What you are asked to do: Find the line with "Complimented by". Repeat it and each line after it, exactly, down to the end of the records below.

Recorded data:
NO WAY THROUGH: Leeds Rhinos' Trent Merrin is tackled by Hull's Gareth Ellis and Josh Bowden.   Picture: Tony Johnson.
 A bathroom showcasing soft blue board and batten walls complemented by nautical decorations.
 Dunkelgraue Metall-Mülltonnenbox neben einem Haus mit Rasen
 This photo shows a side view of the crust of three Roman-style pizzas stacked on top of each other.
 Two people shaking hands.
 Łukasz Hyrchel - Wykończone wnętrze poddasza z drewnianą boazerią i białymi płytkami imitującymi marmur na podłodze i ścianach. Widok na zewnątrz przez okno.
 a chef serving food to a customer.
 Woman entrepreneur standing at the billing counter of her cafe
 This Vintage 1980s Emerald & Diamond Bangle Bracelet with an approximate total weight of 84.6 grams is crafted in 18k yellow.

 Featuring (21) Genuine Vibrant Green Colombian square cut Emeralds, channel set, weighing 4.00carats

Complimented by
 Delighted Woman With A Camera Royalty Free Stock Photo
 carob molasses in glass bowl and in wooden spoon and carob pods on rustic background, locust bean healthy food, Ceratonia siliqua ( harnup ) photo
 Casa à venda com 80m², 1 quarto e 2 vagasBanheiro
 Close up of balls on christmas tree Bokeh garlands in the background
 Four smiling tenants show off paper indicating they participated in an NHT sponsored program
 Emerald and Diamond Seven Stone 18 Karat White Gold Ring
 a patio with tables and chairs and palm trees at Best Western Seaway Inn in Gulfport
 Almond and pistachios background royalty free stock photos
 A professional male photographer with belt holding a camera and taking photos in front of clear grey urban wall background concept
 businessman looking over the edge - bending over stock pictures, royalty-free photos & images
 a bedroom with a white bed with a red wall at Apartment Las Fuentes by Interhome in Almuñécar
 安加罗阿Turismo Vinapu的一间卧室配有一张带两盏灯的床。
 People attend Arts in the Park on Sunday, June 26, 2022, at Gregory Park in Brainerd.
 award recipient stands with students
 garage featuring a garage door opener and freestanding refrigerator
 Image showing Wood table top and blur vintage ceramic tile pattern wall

Solution to this problem:
Complimented by
 Delighted Woman With A Camera Royalty Free Stock Photo
 carob molasses in glass bowl and in wooden spoon and carob pods on rustic background, locust bean healthy food, Ceratonia siliqua ( harnup ) photo
 Casa à venda com 80m², 1 quarto e 2 vagasBanheiro
 Close up of balls on christmas tree Bokeh garlands in the background
 Four smiling tenants show off paper indicating they participated in an NHT sponsored program
 Emerald and Diamond Seven Stone 18 Karat White Gold Ring
 a patio with tables and chairs and palm trees at Best Western Seaway Inn in Gulfport
 Almond and pistachios background royalty free stock photos
 A professional male photographer with belt holding a camera and taking photos in front of clear grey urban wall background concept
 businessman looking over the edge - bending over stock pictures, royalty-free photos & images
 a bedroom with a white bed with a red wall at Apartment Las Fuentes by Interhome in Almuñécar
 安加罗阿Turismo Vinapu的一间卧室配有一张带两盏灯的床。
 People attend Arts in the Park on Sunday, June 26, 2022, at Gregory Park in Brainerd.
 award recipient stands with students
 garage featuring a garage door opener and freestanding refrigerator
 Image showing Wood table top and blur vintage ceramic tile pattern wall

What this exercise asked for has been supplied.